EXERCISE DESCRIPTION —
In the records below, pick out all lines containing the word "para".

Collection entries —
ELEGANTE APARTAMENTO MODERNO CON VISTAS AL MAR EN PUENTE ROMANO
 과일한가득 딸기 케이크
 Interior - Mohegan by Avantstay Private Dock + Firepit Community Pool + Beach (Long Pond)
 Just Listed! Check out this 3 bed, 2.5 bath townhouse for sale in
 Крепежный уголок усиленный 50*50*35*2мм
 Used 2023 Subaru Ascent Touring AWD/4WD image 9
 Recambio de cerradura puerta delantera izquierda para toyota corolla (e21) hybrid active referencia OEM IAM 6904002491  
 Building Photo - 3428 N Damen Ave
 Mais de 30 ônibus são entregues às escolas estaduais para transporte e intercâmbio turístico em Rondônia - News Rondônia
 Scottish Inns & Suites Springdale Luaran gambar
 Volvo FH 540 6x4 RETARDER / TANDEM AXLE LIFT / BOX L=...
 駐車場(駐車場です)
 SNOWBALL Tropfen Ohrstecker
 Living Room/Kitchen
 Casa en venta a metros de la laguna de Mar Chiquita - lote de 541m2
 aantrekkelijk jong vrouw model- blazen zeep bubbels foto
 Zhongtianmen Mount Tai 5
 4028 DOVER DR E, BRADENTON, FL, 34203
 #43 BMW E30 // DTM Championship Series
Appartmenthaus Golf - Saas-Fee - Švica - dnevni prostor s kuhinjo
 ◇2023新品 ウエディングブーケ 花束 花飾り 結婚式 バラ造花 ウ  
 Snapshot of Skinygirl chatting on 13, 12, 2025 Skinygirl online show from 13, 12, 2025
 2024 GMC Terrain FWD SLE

SOLUTION TO THIS PROBLEM —
 Recambio de cerradura puerta delantera izquierda para toyota corolla (e21) hybrid active referencia OEM IAM 6904002491  
 Mais de 30 ônibus são entregues às escolas estaduais para transporte e intercâmbio turístico em Rondônia - News Rondônia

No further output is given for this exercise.